Thank you! 9 camel right now. Here's my first white baby. (side note, most all my photos seem too large, I think I can downsize them, but not sure yet) :scratch:


----------



## jodief100 (Jan 15, 2011)

They are adorable! What do you use them for?


----------



## milkmaid (Sep 15, 2010)

Wow! That is neat! My brother loves camels, and I would love to try some camel milk. I assume you milk them because of your username? How much do they give?


----------



## toth boer goats (Jul 20, 2008)

Wow...how neat... they are very nice.. :thumb:


----------



## packhillboers (Feb 2, 2011)

Oh my word! How awesome that you raise camels!


----------



## goatfarmergirl (Jul 3, 2011)

my mother was thinking of buying camels


----------



## cameldairy (Aug 31, 2011)

Camels are a great animal to work with. Kind, gentle and NO they don't spit.  They are also a great investment, they make me a great income! Tell your mom to contact me and I can tell her all she needs to know about them. i"ve been raising camels and zebras for over 20 years. I always have babies that I sell at weaning time and right now I have a 3 in 1 package for sale...Momma camel that's bred back with a bull calf by her side.


----------



## toth boer goats (Jul 20, 2008)

Glad they don't spit ...I don't like spit.. ers.... :wink: :greengrin:


----------



## megan (Aug 25, 2011)

That is so cool! :thumb: I don't know that they were raised in this country, beside people just wanting interesting "pets". Now I'm really curious... It there anywhere to go on the web that gives good info about raising them?


----------



## cameldairy (Aug 31, 2011)

I'm a moderator on a site called camelmania


----------



## milk and honey (Oct 31, 2010)

May I ask WHY you raise camels and zebra???? I didn't know anyone did that??! and where are you?


----------



## lissablack (Nov 30, 2009)

Love the pictures, and I am really interested in hearing all about this, and what you are doing with them, and milk and what you do with it, and wow.

Jan


----------



## freedomstarfarm (Mar 25, 2011)

Very neat looking animals!


----------



## goatfarmergirl (Jul 3, 2011)

Do you ride your zebras?it would be cool if you did.


----------



## ALLAMERICANPETTINGZOO (Nov 11, 2013)

I will be in alabama for the next week and need a baby male drom. If you would please give me a call my number is 843 441 9790...charles


----------



## nchen7 (Feb 25, 2013)

this is a really old post, and the camels are all likely sold. good luck with your search!


----------



## dayofthunder (Aug 23, 2013)

Wow they are gorgeous.


----------



## kccjer (Jan 27, 2012)

nchen7 said:


> this is a really old post, and the camels are all likely sold. good luck with your search!
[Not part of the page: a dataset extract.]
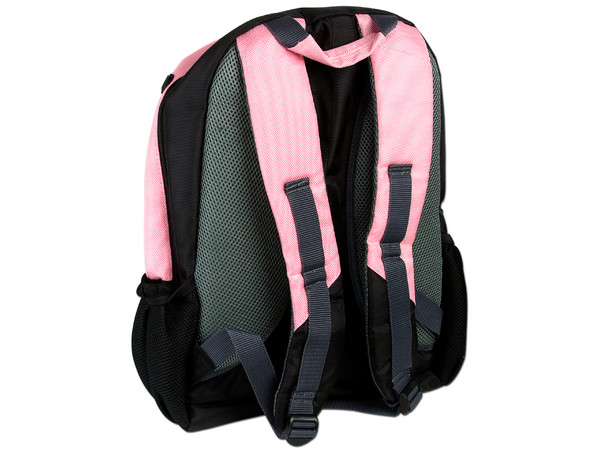 Mochila Perfect Choice para Laptop de 15.4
That sucks. I was getting all excited to learn about camels!


----------



## Trickyroo (Sep 26, 2012)

Don't anybody tell my husband about baby camels !
I could just see my neighbors face when they see one or two of them out in the field , :slap floor:

Very cute though


----------



## kccjer (Jan 27, 2012)

Trickyroo said:


> Don't anybody tell my husband about baby camels !
> I could just see my neighbors face when they see one or two of them out in the field ,


Oh dear God! I can just hear my dad now!!! :ROFL:


----------



## Trickyroo (Sep 26, 2012)

Oh geez , I could just imagine what would go through my Mom's mind if she came to visit and saw camels , :slap floor:
She would be like " Laura , you have really gone off the deep end" , lol.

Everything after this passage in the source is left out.